Council leader James Alexander joins a rally to save the NRM. Photograph: James Alexander on Flickr
17 Jun 2013 @ 9.00 pm
| News

Council leader James Alexander joins a rally to save the NRM. Photograph: James Alexander on Flickr
Council leader James Alexander joins a rally to save the NRM. Photograph: James Alexander on Flickr
The great and the good of York have demanded that the government stop any threat to the National Railway Museum in its tracks.

Twenty-eight leaders from the council, education, church, media, the creative arts and business have put their names to a letter to Maria Miller, Secretary of State for Culture, Media and Sport.

Earlier this month, Ian Blatchford of the Science Museum Group said that reduced funding would mean “not only big cuts in the Science Museum in London but that one of our three great northern museums almost certainly [will] also have to close.”

Those three northern museums are York’s National Railway Museum, the Museum of Science and Industry in Manchester and the National Media Museum in Bradford.

The fightback against the threat to the NRM has been led by the York Press, which has gathered more than 7,000 names on a petition to save the attraction.

Among those signing the letter to Ms Miller are the council leader James Alexander, council chief executive Kersten England, the Dean of York Vivienne Faull, artistic director of the Theatre Royal Damien Cruden and Mark Perkins, chief executive of Shepherd Group Built Environment.

“The National Railway Museum (NRM) contributes hugely to the economic, cultural, social and educational wellbeing of York since it opened in 1975,” the letter states. “It attracts 700,000 UK and international visitors annually who add at least £50m GVA [gross value added] to the city’s economy every year.

“As such, it is an essential component in the city’s plans to deliver a tourism strategy which aims to double the value of this sector in York in the next ten years.”

The letter goes on: “The NRM is at the centre of York’s cultural life. It has an internationally-recognised programme of events, an art gallery, and was the original venue for York Theatre Royal’s hugely successful and award-winning production of The Railway Children in 2009 while also playing a key role in the city’s Olympic Torch Relay festivities.”

It concludes that the impact of the closure of any of the Northern museums would be much more damaging to their host cities than the closure of a London attraction.

“

It would be unthinkable even to consider closing national museums, like the Victoria and Albert or the National History Museum, in London. Why then does it appear to be acceptable to discuss potential closures of national museums in Northern cities?

“The economic and cultural impact of closing a national science museum in Bradford, York or Manchester would be much more devastating in any one of these cities, than closing a London museum would be on the capital’s or indeed the nation’s economy.”

Meanwhile, York MP Hugh Bayley has challenged culture minister Ed Vaizey in Parliament over the issue. Questioned by Mr Bayley, Mr Vaizey said the Government was “committed to the policy of maintaining free admission to the national museums and galleries”.
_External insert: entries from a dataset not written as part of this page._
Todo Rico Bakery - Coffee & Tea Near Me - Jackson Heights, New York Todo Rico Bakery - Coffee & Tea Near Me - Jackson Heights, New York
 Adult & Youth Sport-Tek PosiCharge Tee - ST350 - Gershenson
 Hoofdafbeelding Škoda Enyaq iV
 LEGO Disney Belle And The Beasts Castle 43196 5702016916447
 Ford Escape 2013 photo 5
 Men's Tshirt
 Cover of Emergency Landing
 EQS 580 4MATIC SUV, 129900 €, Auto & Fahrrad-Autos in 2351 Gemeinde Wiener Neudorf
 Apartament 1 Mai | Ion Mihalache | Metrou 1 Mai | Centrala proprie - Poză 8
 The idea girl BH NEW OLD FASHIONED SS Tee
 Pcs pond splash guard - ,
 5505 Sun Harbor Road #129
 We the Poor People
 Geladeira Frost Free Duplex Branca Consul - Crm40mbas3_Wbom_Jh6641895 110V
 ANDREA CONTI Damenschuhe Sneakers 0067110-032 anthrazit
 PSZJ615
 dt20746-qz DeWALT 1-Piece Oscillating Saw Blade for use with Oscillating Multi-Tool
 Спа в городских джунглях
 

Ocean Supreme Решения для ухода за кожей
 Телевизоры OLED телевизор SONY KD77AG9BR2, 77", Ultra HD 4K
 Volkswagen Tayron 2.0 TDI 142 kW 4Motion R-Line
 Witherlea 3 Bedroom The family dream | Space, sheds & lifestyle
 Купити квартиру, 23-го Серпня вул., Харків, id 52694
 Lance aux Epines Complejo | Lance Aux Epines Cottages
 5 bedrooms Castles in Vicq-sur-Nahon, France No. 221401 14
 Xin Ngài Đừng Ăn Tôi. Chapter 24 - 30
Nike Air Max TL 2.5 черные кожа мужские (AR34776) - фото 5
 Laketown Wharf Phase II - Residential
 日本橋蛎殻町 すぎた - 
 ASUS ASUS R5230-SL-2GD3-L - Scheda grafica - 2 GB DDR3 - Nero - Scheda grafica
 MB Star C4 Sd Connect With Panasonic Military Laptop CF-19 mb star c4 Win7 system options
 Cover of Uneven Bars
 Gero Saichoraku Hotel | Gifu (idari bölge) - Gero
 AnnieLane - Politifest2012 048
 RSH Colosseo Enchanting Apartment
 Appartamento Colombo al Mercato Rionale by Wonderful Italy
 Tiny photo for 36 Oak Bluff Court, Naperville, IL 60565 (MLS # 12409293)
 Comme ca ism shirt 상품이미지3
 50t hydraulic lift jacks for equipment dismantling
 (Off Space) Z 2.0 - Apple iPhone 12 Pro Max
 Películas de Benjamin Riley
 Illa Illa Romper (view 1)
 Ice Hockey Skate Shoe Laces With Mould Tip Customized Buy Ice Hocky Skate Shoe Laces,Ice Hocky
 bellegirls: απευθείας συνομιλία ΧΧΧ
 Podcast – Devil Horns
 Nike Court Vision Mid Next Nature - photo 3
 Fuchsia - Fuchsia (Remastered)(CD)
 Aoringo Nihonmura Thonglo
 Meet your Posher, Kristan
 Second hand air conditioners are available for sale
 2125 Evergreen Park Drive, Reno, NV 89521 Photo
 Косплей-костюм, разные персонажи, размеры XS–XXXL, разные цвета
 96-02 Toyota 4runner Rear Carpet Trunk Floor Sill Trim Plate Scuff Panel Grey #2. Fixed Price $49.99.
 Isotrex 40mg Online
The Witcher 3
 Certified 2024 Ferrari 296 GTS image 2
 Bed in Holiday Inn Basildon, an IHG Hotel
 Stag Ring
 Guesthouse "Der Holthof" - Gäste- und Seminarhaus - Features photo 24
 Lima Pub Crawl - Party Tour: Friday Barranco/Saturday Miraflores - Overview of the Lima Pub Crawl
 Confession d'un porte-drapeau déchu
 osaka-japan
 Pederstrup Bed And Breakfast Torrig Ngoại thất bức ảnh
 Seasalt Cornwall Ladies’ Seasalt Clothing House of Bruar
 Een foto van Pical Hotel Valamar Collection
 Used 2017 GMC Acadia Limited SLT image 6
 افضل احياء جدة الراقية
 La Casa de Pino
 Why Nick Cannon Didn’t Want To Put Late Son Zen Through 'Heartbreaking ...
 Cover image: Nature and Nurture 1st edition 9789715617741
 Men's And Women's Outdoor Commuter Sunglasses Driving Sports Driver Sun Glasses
But he refused to undertake that the Government would provide enough funding to keep all the museums open, saying “operational decisions, including allocations to individual branches, are a matter for the Science Museum Group”.

The economic and cultural impact of closing the NRM would be "devastating"
The economic and cultural impact of closing the NRM would be “devastating”

 

The letter in full

To The Rt Hon Maria Miller MP,
Secretary of State for Culture, Media and Sport

York, Bradford and Manchester councils are working together to ensure the Science Museums Group’s (SMG) current scale of operations and its national presence is maintained. Here in York, we are united in our concern that technological and academic progress and public understanding must not be compromised by the risk of closure of any of the Northern museums.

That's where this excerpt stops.